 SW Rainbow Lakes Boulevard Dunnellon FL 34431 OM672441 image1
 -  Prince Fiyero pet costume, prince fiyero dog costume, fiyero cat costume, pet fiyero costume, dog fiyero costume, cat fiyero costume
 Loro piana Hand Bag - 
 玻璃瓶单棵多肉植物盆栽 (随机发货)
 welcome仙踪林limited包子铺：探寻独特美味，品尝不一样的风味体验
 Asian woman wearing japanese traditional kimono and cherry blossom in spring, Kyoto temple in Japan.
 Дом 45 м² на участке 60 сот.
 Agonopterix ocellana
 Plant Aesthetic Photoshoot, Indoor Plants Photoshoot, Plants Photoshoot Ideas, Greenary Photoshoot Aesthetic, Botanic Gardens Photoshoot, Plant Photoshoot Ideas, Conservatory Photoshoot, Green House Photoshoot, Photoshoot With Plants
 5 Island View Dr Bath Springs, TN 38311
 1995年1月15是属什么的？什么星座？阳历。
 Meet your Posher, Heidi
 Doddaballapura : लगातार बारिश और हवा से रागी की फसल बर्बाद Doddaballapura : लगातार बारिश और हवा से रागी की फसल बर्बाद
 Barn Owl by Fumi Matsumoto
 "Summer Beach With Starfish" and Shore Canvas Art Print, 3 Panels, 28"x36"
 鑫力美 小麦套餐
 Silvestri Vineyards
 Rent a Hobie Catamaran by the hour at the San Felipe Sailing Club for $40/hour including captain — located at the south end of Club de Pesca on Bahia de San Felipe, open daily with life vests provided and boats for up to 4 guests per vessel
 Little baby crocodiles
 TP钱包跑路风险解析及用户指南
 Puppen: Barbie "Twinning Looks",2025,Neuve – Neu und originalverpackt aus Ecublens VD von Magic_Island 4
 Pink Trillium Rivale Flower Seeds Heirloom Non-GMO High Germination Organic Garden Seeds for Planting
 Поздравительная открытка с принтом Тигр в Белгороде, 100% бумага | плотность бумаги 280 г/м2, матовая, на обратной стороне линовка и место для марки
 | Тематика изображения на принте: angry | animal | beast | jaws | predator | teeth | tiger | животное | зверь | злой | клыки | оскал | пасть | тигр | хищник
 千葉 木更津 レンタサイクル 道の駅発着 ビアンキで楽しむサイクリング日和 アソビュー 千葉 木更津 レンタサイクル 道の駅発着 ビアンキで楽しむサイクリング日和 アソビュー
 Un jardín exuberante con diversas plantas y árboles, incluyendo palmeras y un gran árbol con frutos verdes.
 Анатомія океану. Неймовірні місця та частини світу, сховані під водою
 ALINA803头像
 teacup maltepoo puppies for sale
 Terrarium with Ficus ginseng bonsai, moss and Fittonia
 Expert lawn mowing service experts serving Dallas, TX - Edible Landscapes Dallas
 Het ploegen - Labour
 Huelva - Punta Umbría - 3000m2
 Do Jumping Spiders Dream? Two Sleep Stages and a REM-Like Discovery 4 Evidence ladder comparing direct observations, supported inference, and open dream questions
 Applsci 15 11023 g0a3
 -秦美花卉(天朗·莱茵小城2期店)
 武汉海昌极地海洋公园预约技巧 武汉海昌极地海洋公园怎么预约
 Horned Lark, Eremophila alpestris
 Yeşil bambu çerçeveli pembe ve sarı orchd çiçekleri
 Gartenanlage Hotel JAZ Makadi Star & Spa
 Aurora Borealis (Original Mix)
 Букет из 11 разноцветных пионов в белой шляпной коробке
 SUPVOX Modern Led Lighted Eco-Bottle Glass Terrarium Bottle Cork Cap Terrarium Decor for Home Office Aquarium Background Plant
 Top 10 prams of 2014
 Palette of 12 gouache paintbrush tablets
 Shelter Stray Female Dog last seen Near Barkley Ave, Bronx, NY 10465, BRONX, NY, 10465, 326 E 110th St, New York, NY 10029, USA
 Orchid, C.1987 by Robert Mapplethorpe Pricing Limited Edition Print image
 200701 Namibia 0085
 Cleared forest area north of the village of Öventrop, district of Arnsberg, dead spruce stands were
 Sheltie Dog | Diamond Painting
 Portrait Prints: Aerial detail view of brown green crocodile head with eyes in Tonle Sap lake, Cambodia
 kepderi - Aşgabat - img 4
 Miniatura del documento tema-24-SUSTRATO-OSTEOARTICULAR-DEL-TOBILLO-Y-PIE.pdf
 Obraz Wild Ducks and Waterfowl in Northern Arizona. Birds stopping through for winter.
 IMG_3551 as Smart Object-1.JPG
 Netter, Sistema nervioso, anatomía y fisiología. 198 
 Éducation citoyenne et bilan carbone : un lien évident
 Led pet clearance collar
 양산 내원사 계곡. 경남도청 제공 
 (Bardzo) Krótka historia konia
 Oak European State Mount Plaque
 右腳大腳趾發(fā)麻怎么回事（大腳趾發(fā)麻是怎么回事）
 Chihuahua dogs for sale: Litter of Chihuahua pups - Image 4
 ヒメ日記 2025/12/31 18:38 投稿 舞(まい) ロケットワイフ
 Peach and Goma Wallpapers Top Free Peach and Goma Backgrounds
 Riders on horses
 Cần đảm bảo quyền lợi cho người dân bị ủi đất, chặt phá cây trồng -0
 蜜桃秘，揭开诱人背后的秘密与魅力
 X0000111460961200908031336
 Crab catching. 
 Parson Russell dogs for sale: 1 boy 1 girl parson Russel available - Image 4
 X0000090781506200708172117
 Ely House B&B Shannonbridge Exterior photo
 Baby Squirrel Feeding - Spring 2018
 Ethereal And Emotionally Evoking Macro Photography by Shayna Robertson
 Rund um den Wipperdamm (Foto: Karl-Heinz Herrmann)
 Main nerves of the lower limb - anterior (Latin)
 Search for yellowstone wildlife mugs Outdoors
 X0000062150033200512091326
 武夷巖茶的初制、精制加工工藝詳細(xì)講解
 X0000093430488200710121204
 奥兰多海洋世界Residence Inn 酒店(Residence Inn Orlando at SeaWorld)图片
--------------------------------------------------
Of all the entries above, output exactly the lines between the one holding "Oak European State Mount Plaque" and the one holding "Parson Russell dogs", inclusive.

 Oak European State Mount Plaque
 右腳大腳趾發(fā)麻怎么回事（大腳趾發(fā)麻是怎么回事）
 Chihuahua dogs for sale: Litter of Chihuahua pups - Image 4
 ヒメ日記 2025/12/31 18:38 投稿 舞(まい) ロケットワイフ
 Peach and Goma Wallpapers Top Free Peach and Goma Backgrounds
 Riders on horses
 Cần đảm bảo quyền lợi cho người dân bị ủi đất, chặt phá cây trồng -0
 蜜桃秘，揭开诱人背后的秘密与魅力
 X0000111460961200908031336
 Crab catching. 
 Parson Russell dogs for sale: 1 boy 1 girl parson Russel available - Image 4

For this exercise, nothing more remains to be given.